> **ASSIGNMENT**
Make an exact copy, without pictures, of the lines below from the one containing "2024 GMC Sierra 1500 AT4" to the last line, both ends included.

SUPPLIED DATA section start

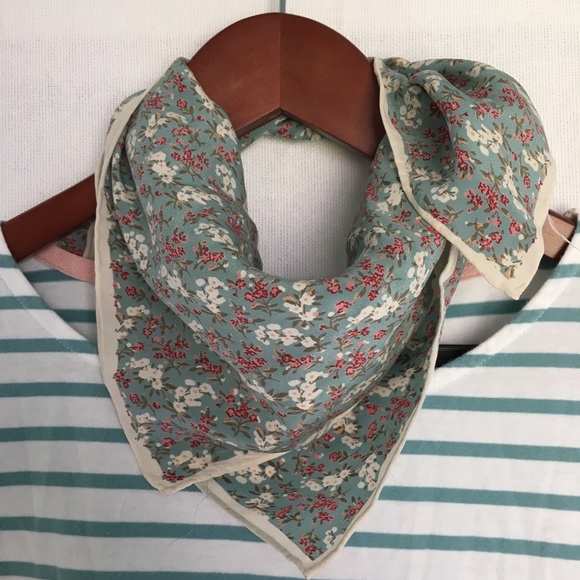 Accessories - Pale Mint Floral Silk Neck Scarf Hankerchief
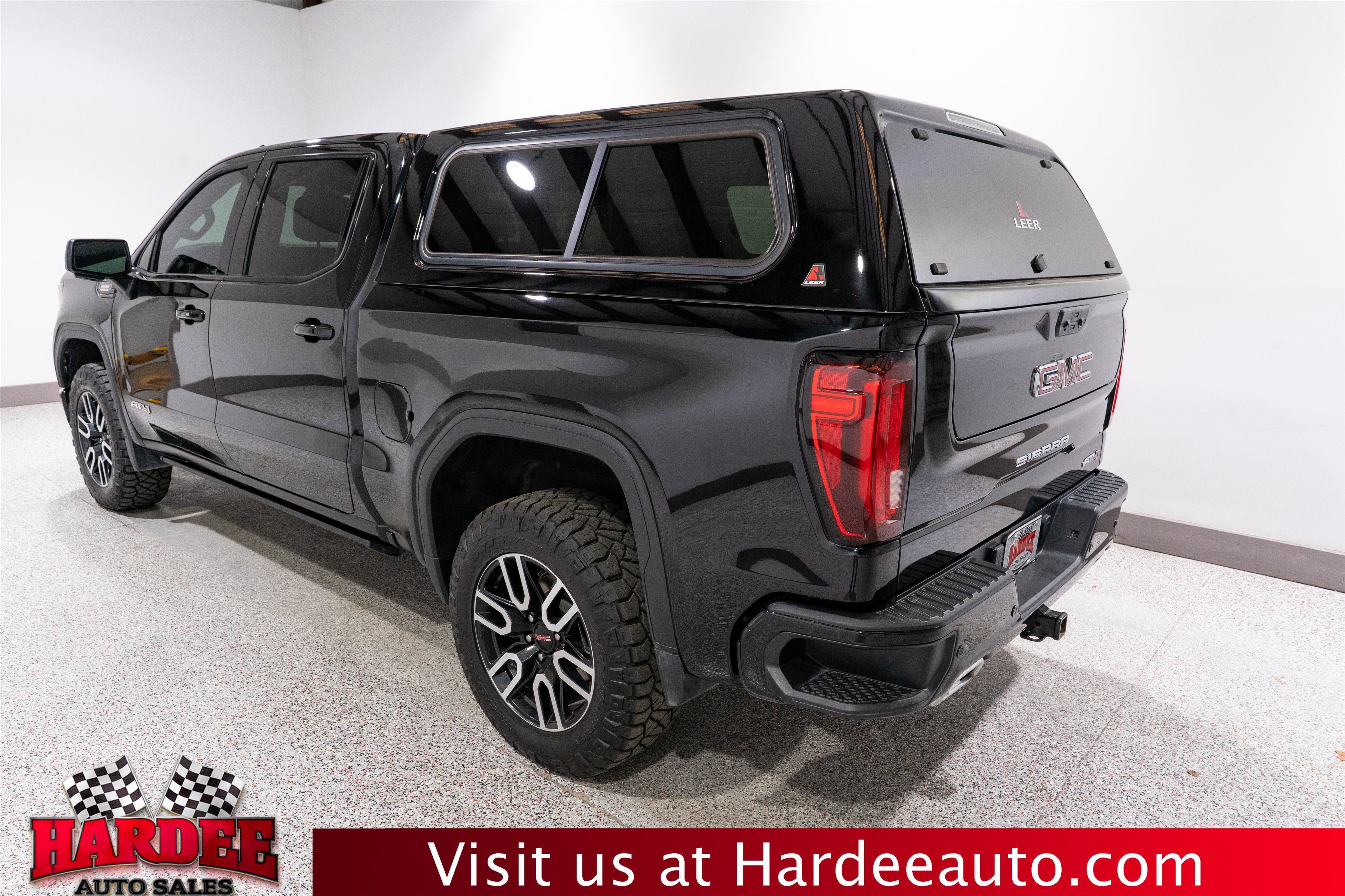 2024 GMC Sierra 1500 AT4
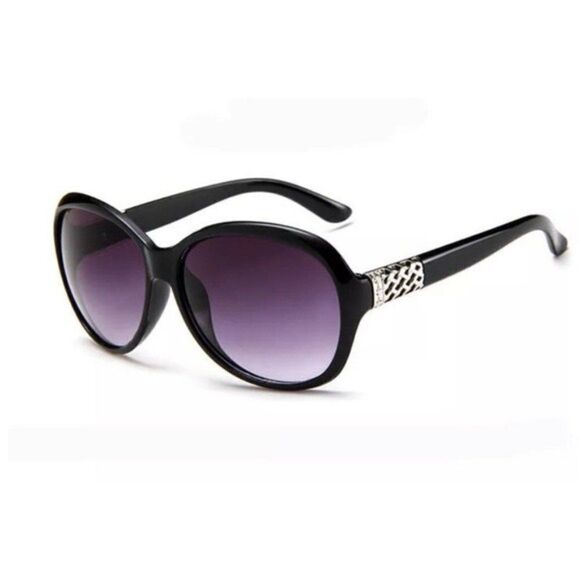 Black Retro Round Oversized Sunglasses New with Case - Picture 1 of 6
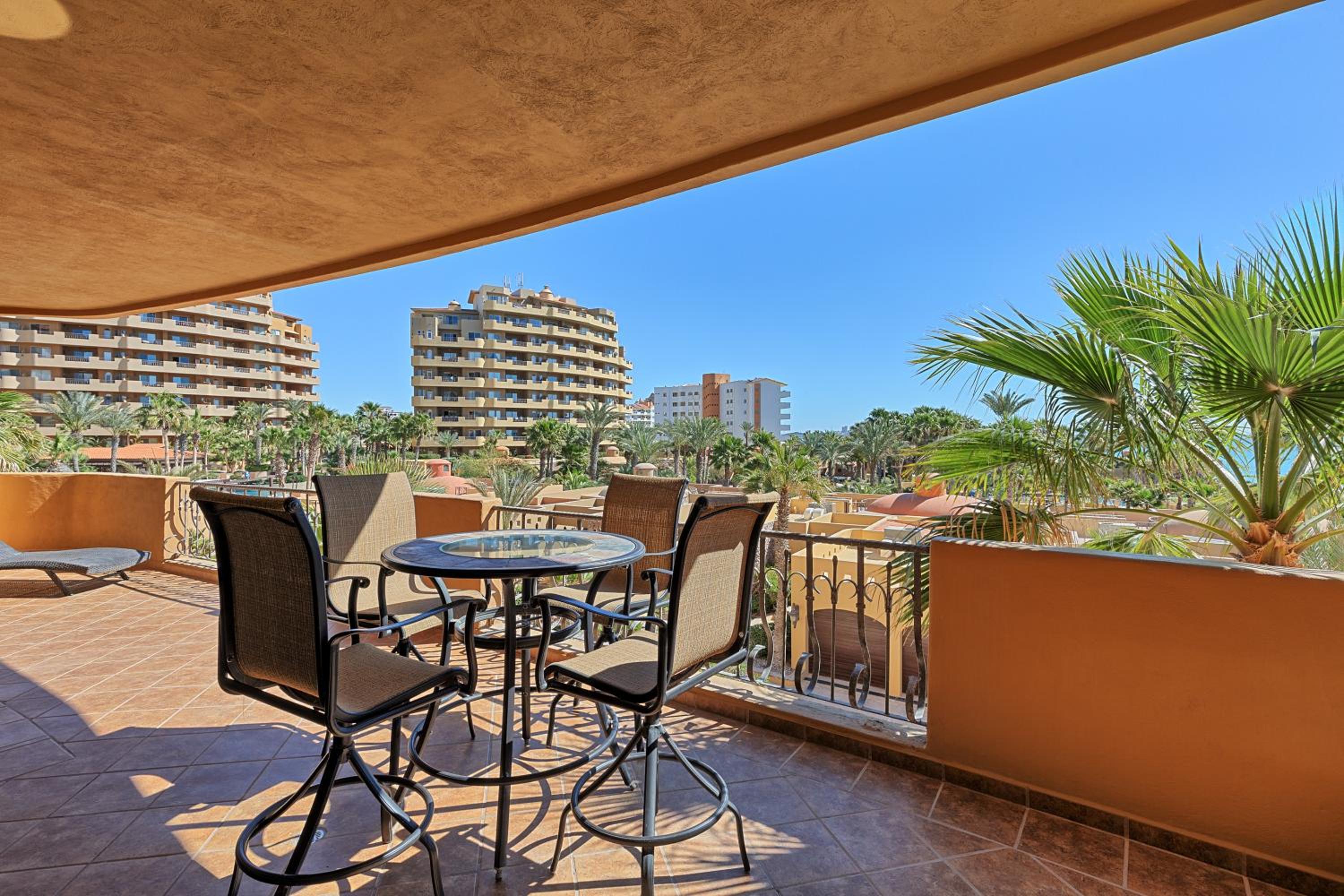 Apartment with Sea View - Photo 33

SUPPLIED DATA section end

> **EXPECTED ANSWER**
 2024 GMC Sierra 1500 AT4
 Black Retro Round Oversized Sunglasses New with Case - Picture 1 of 6
 Apartment with Sea View - Photo 33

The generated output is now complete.